Conformation and orientation of alkyl chains in the layered organic–inorganic hybrids: (CnH2n+1NH3)2PbI4 (n = 12,16,18)

Layered organic–inorganic hybrids based on perovskite-derived alkylammonium lead halides have been demonstrated as important new materials in the construction of molecular electronic devices. Typical of this class of materials are the single-perovskite slab lead iodides of the general formula (CnH2n+1NH3)2PbI4. While for small n, these compounds are amenable to single-crystal structure determination, the increasing degree of disorder in the long chain (n = 12,14… ) compounds makes such an analysis difficult. In this study, we use powder X-ray diffraction, and vibrational and 13C NMR spectroscopies to establish the conformation, orientation and organization of hydrocarbon chains in the series of layered alkylammonium lead iodides (CnH2n+1NH3)2PbI4 (n = 12,16,18). We find that the alkyl chains adopt a tilted bilayer arrangement, while the structure of the inorganic layer remains invariant with respect to the value of n. Conformation-sensitive methylene stretching modes in the infrared and Raman spectra, as well as the 13C NMR spectra indicate that bonds in the methylene chain are in trans configuration. The skeletal modes of the alkyl chain in the Raman spectra establish that there is a high degree of all-trans conformational registry for the values of n studied here.
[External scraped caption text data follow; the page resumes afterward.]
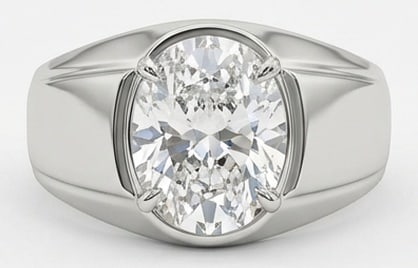 4.00 CT Lab Grown Diamond Lab-Grown Ring in White Gold: An exceptional 4.00 carat lab-grown lab grown diamond ring, expertly crafted in luxurious White Gold. The oval cut in a heavy, wide "gypsy" flush mount setting design highlights the brilliance of the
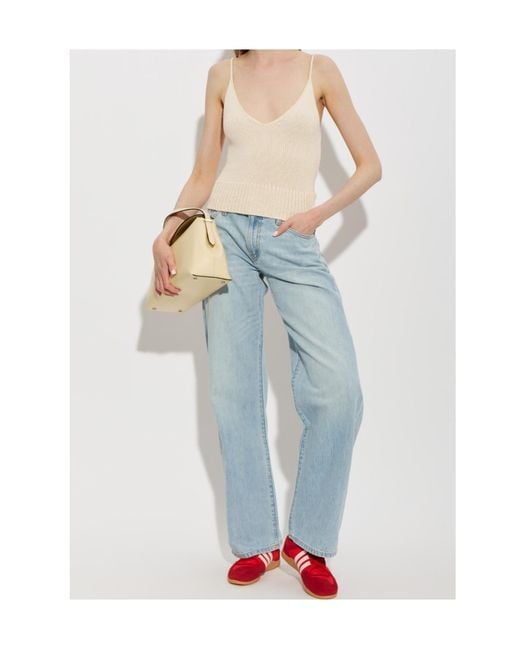 Re/done White V-Neck Camisole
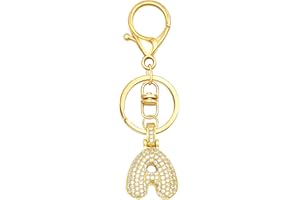 SKYFUN Initial Letter Keychains for Women Men Sparkly Zircon Gold Silver Letter A-Z Bubble Letter Pendant Charm for Key Purse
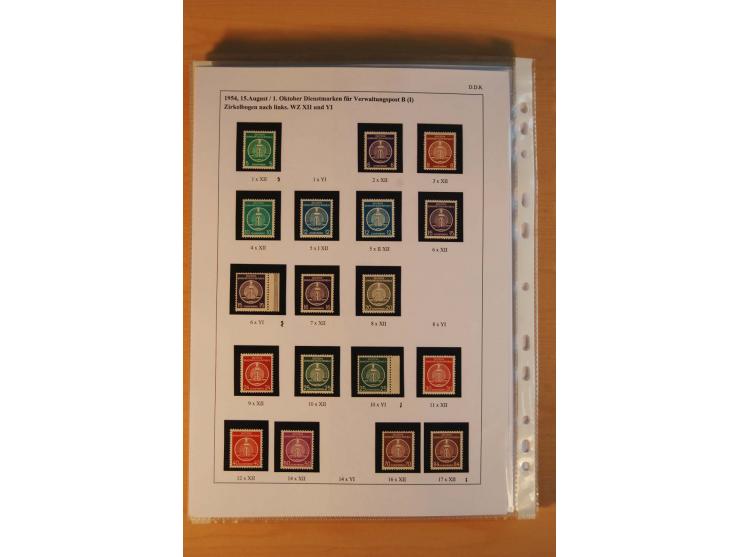 1949/90, postfrische und gestempelte stark spezialisierte Sammlung mit zahlreichen Abarten, Typen, Plattenfehlern und Zusamme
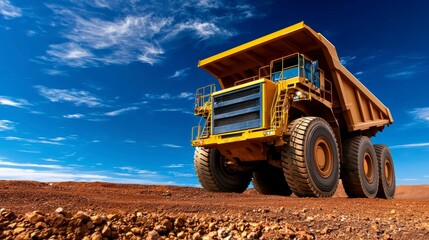 Obraz premium Heavy Haul Truck Digging Up Earth on Mining Site Under Open Blue Sky with Streaks of Clouds
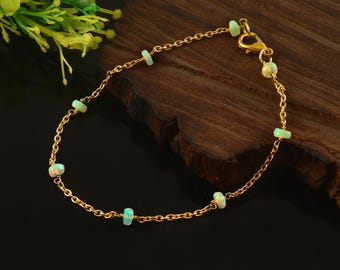 Delicate White Opal Gold Chain Bracelet | Minimalist Shimmering White Opal Bracelet | Artisan Handcrafted Luminous Jewelry | Gift For Women
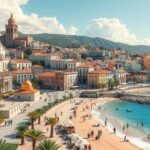 Faro város látképe a tengerparton, napfény, emberek és pálmafák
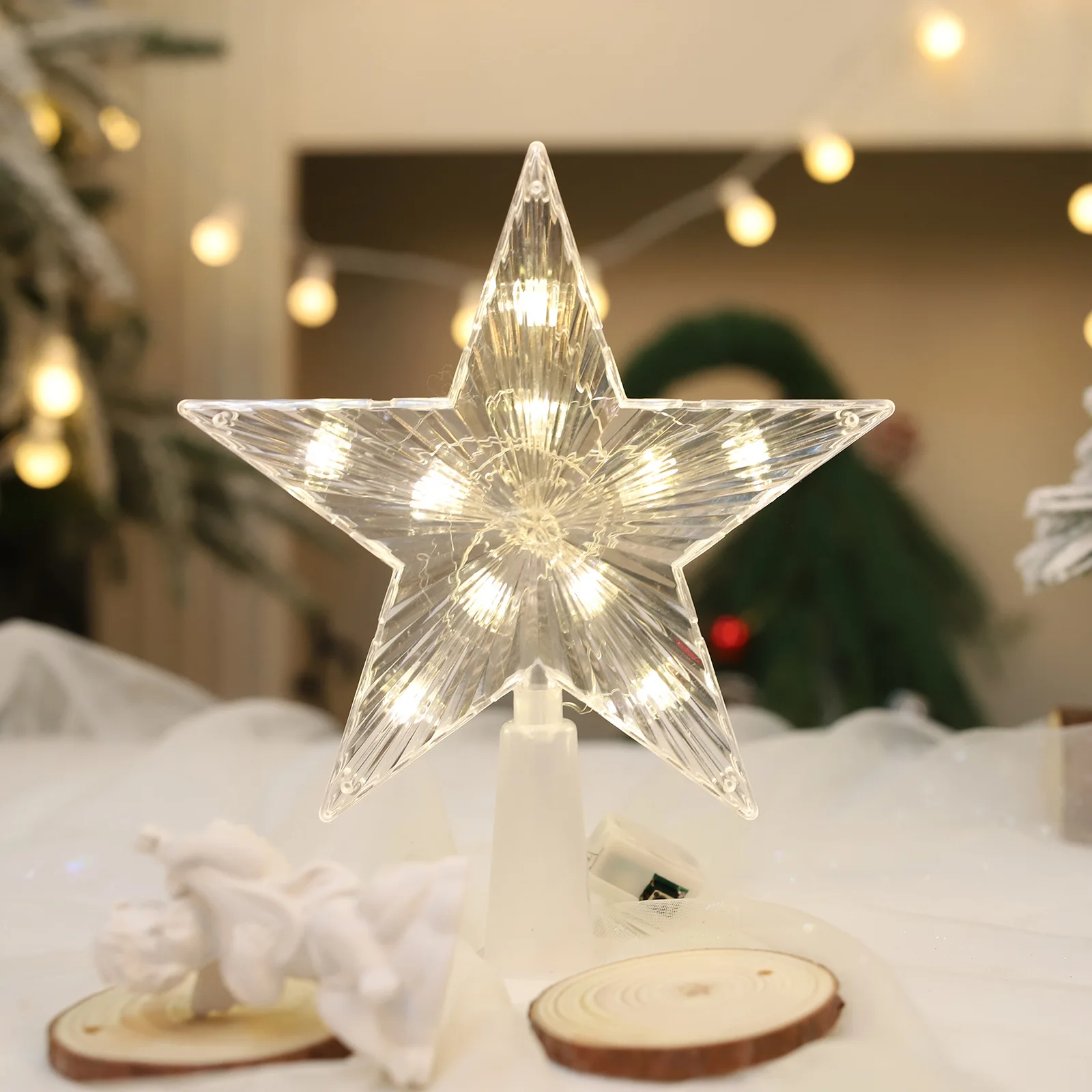 (um) Enfeite De Natal Em Forma De Estrela Com Iluminação Led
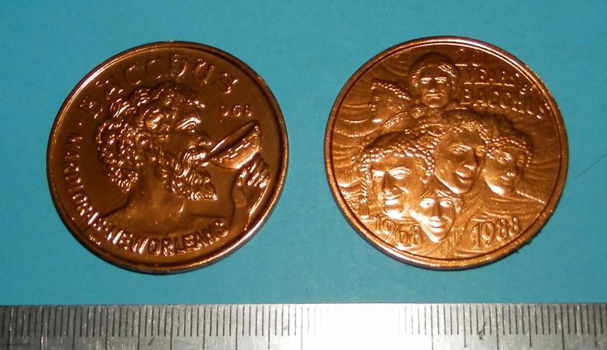 Mardi Gras dubloen Krewe of Bacchus 1988 - goud - 0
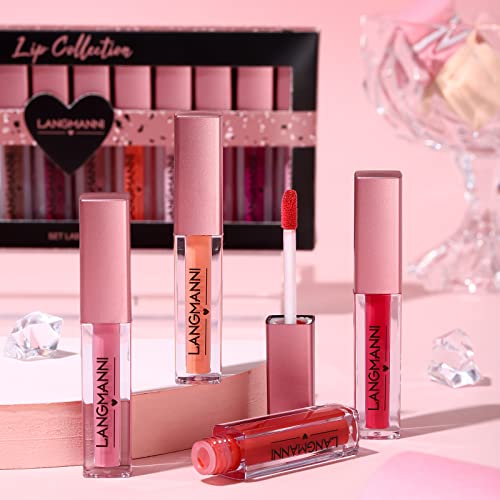 LANGMANNI 12Pcs Lip gloss Collection Makeup Set, Shiny Smooth Soft Liquid Lip Glosses Lip Stain With Rich Varied Colors For Girls And Women Makeup (Glossy-A) - Morena Vogue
From the orientation dependence of the infrared spectra of crystals of (CnH2n+1NH3)2PbI4 (n = 12,16), we find that the molecular axis of the all-trans alkyl chains are tilted away from the interlayer normal by an angle of 55°. This value of this tilt angle is consistent with the dependence of the c lattice expansion as a function of n, as determined from powder X-ray diffraction.